Task requirements: From the listing below, please restate exactly the lines beginning at the one with "Deadpool Chimichanga Point T-Shirt for Men" and ending at the one with "1831 Capped Bust Half Dime US - £27.47 GBP", both included, and skip the pictures.
======== Records
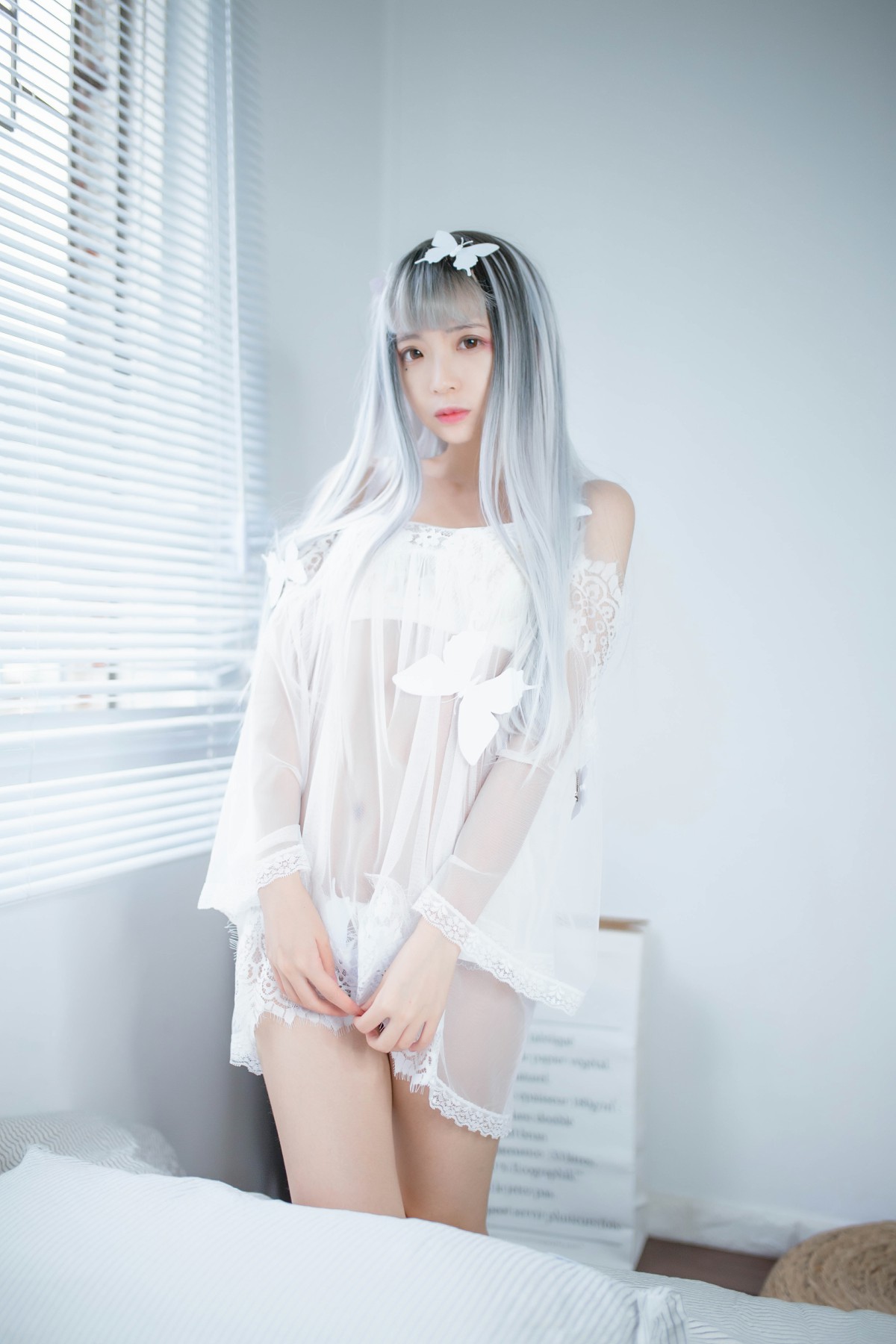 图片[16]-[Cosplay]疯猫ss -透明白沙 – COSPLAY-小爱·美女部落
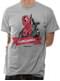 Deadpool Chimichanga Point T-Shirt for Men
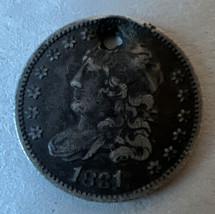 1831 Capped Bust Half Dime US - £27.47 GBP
================
======== Records
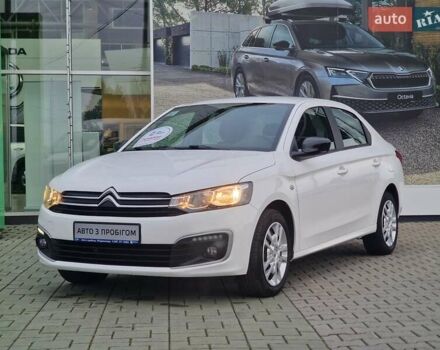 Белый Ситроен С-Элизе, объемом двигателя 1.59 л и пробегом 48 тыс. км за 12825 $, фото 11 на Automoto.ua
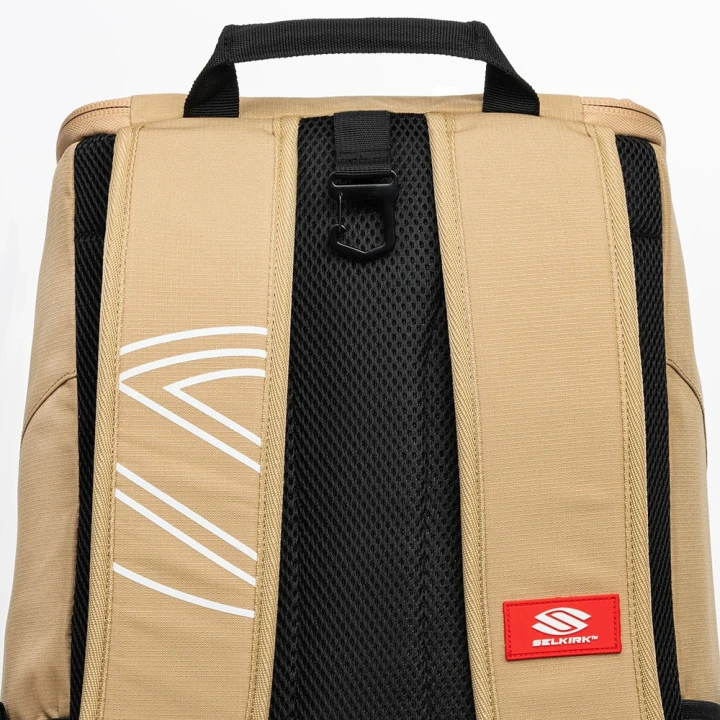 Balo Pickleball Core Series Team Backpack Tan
================
Response:
 Deadpool Chimichanga Point T-Shirt for Men
 1831 Capped Bust Half Dime US - £27.47 GBP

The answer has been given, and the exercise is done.